表題の資料集について、最近、読んだ辻康吾さんの中国共産党史に関係するエッセイが興味深かった。

中華万華鏡 (岩波現代文庫)

中華万華鏡 (岩波現代文庫)

 

 辻さんは、同書の中で、2010年北京で開催された中国共産党党中央党史工作会議に関する議論を紹介している。その中で、当時の次期党総書記と目されていた習近平が「重要演説」を行い、次の5点を強調したとある

 

一、党史工作の重要性への認識を高める。

二、実事求是の原則を以て党史を研究、宣伝する。

三、党史の学習と教育を強化する。

四、党史工作の科学的レベルを向上させる。

五、党の歴史を歪曲し、醜悪化するいかなる誤った傾向にも断固反対する。(同書、84〜85頁)

 ここで辻さんは第5点目を強調している。中共がこうした点を主張しなければならない大きな要因として、近年、党史の見直しが次第になされていることに中共首脳部が大きな反応を示したものであるとしている。

そして、辻さんは新たな党史の見直しの流れが起こったとするその背景の中に、同資料集の名前もでてくる。それは次のとおりだ。

 

三、「文革」後の改革開放政策のもとで『建国以来毛沢東文稿』など新たに公表された膨大な史料を精査することから実証的な党史の書き直しが進んでいた。また「文革」期の混乱から大量の内部文献が海外に流出したことも大きく影響している(Service Center for Chinese Publication『中共重要歴史文献彙編』など)。(同書89頁)

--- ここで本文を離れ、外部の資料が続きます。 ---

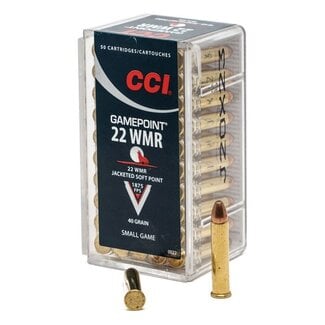 CCI CCI c.22WMR 40GR GAMEPOINT 1875fsp JSP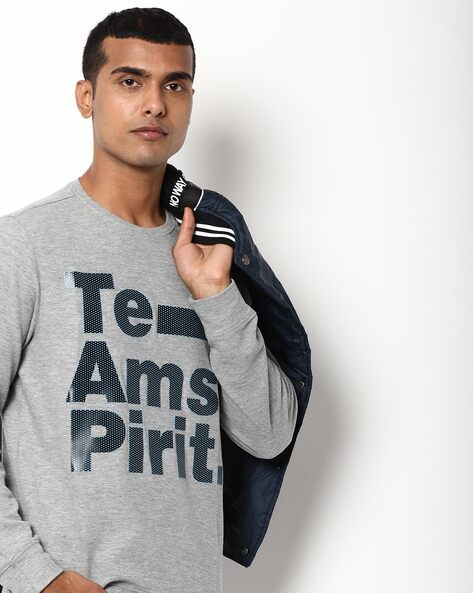 Buy Grey Melange Tshirts for Men by Teamspirit Online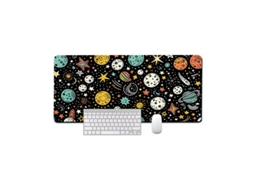 Mesa Para Computador Gamer Grande Espesso Com Antimanchas E Fácil Limpeza, Colorido Universo 30*80*0.5cm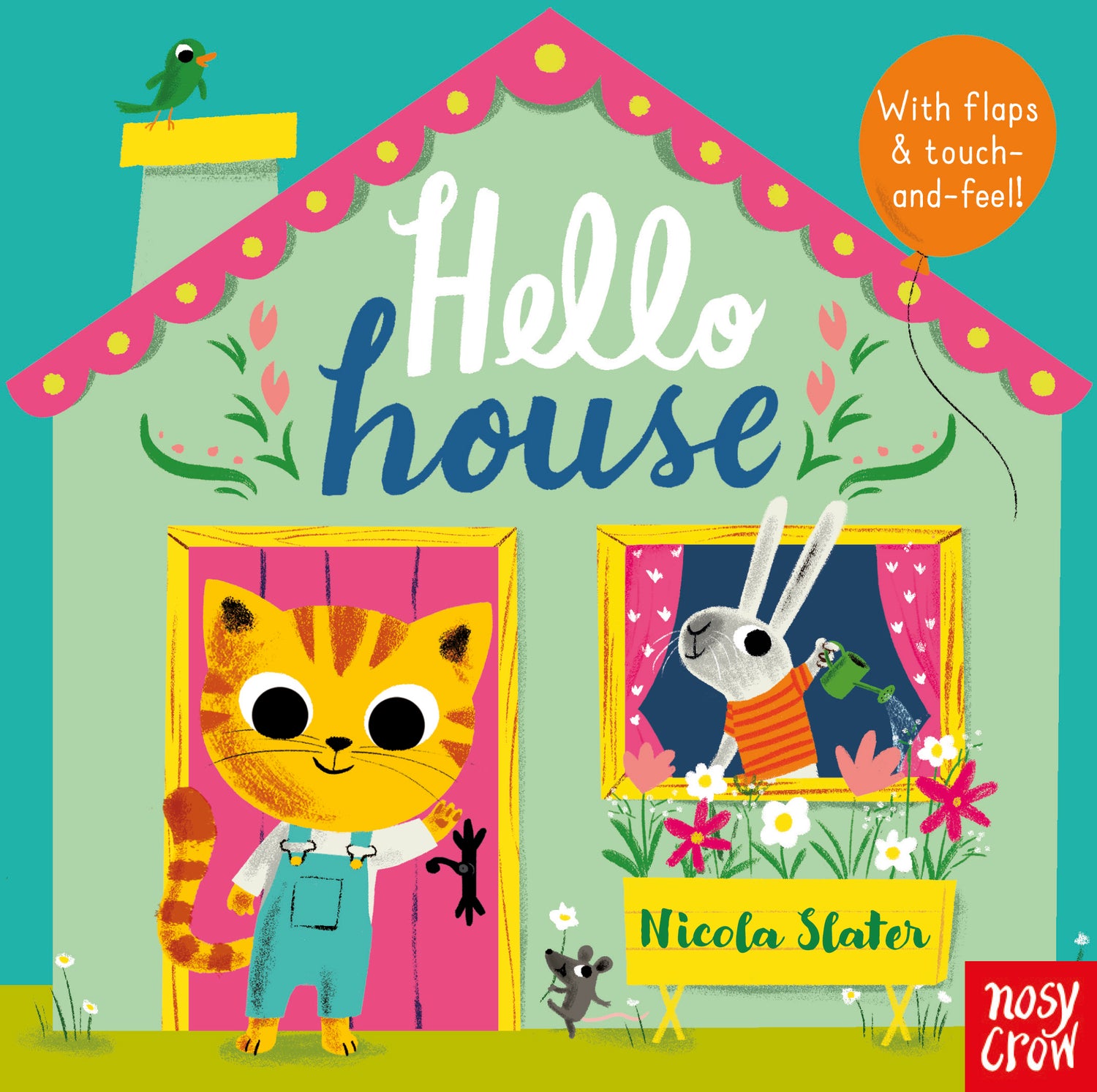 Hello House : With flaps & touch-and-feel!-rebooked, children's book, teenager's book, second hand book, english book, 小童書,青少年書,二手書,英文書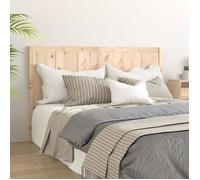 vidaXL Tête de Lit Accessoire de Lit Double Meuble de Chambre à Coucher Tête de Cadre de Lit Intérieur 155,5x4x100 cm Bois Massif de Pin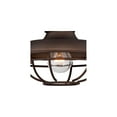 thumbnail image 3 of Franklin Iron Works Park Farmhouse Rustic Wall Light Sconce Oil Rubbed Bronze Hardwire 8 1/2" Fixture Gooseneck Arm Metal Cage for "Bedroom Bathroom, 3 of 8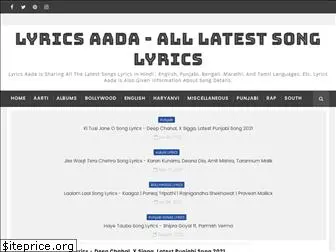 lyricsaada.blogspot.com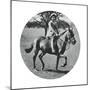 Princess Elizabeth on Horseback, Windsor Great Park, 1935-null-Mounted Giclee Print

ここで、辻さんは、同資料集を、文革期の混乱で流出した資料ととらえているところが、個人的には大変に興味深い。何かそれが分かる資料があるのであろうか。もし、お目にかかれる機会があったら、是非にうかがってみたい。何だか、資料集の中身よりも資料集の編纂主体の方に興味がでてきた。

 

そして、前に獨協大学で見た目録によると、同センターはHPを作成して、この膨大な資料集の目録を掲載するつもりであったことが書かれている。それは2003年のことだが、そのHPらしきものは、見当たらない。この覚え書きの続きを書くとすれば、やはりアメリカに行かねばならないかとも思っている。それはいつになるやら。